Convido você agora a pensar, à luz do que escrevi sobre as falácias ad hominem, nos argumentos que nossa intelligentzia esquerdista apresenta em seus ataques contra os defensores da economia de mercado. Não parece que você está vendo, neste exato momento, esses estatistas falando na TV, entrevistados geralmente por jornalistas que também cometem os mesmos erros das mentiras ad hominem? Ou que você está lendo a matéria principal do caderno cultural de um grande jornal?

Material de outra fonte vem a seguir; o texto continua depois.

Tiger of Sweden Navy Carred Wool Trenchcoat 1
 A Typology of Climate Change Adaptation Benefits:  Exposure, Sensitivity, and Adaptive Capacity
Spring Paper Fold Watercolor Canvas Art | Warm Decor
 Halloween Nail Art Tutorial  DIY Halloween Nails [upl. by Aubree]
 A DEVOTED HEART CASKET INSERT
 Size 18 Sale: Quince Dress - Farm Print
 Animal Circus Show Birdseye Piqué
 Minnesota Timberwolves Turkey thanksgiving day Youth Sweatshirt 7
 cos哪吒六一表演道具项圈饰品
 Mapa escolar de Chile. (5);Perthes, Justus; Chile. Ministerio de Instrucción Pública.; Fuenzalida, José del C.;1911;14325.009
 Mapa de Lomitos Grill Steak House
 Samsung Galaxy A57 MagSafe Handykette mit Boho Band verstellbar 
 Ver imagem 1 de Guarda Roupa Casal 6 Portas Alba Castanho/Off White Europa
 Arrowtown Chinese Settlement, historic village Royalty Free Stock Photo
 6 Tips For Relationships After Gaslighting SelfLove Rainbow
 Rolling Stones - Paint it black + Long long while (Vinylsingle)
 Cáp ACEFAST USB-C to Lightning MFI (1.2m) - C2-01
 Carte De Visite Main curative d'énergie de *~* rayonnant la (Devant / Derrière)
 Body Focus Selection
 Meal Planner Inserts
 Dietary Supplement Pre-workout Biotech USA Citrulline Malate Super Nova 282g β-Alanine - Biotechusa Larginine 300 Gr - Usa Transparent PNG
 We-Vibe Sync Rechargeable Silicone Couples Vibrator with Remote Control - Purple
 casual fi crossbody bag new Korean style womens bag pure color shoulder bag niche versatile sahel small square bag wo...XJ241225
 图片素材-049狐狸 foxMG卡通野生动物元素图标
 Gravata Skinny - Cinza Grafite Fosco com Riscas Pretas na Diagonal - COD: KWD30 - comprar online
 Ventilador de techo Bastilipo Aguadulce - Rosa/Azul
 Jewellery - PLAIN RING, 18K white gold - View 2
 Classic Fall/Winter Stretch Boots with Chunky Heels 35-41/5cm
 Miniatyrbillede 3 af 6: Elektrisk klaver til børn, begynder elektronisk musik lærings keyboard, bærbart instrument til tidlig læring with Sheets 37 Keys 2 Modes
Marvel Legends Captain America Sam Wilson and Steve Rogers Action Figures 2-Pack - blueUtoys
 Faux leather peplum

Ou na plateia de um debate no auditório de uma universidade?
 
Rebater e desmoralizar qualquer tipo de falácia ad hominem é simples, embora exija rapidez de raciocínio: basta mostrar, sempre com base em argumentos lógicos, que o caráter do outro debatedor não tem qualquer relação com a afirmativa que ele defende.
Por exemplo, chamar alguém de corrupto, tucano, petista, keynesiano, nazista, comunista, gay, machista, ateu, ladrão, pedófilo, homofóbico, “mensaleiro”, direitista, etc. não prova que todas as suas ideias estejam erradas.
E também provar para o contendor falacioso que o caráter, as práticas e as circunstâncias estão para a verdade ou falsidade da sua proposição assim como um acorde de mi bemol com sétima e nona está para a teoria monetária da Escola Austríaca. Ou seja, que o primeiro nada tem a ver com a segunda.
 
Essa matéria da Carta é um verdadeiro amontoado de falácias, como a de que os defensores do livre mercado desejam a privatização de sua existência. Prova incontestável da burritzia da intelligentzia.